In a long life, Isaiah Berlin--he is almost 90--has proved to be a man of extraordinary talents and gifts: a preeminent intellectual historian, translator and essayist; a director of the Royal Opera House; a founder of Wolfson College at Oxford; and president of the British Academy. He has received numerous honors, including the Erasmus, Lippincott, Angelli and Jerusalem Prizes; he was knighted in 1957. Few figures in the cultural world inspire such unstinting praise from a broad and catholic audience.

In a precise sense, Berlin is obsolete: This is his strength. In the scope of his knowledge and the lucidity of his essays, he recalls an almost vanished world of scholarship and letters. To whom can Berlin be compared? The only candidates belong to the recent past. Perhaps Raymond Aron, the French philosopher and commentator, offers the closest comparison. American counterparts, like Sidney Hook and Walter Lippmann, are too partisan or narrow. Like all these figures, however, Berlin entered a world of politics and philosophy. He abandoned the parched analytic thought of Oxford University, his home base, for more accessible and public writing.

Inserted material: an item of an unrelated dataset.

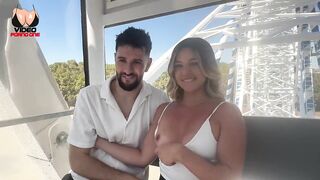 That babe Sucks Me in the Ferris Wheel, I Take Her Home to Bang Her Properly!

His broader reputation rests on two essays from the 1950s, “Two Concepts of Liberty” and “The Hedgehog and the Fox.” The “Two Concepts,” with an acclaimed distinction between “positive” and “negative” liberty, has been credited with bringing to life a somnolent political philosophy. Since ideas can move history, Berlin charged that philosophers ignored political thought at their risk. “Over 100 years ago, the German poet Heinrich Heine warned the French not to underestimate the power of ideas: Philosophic concepts . . . could destroy a civilization.” After Berlin, political philosophy found a new energy and now thrives in many universities.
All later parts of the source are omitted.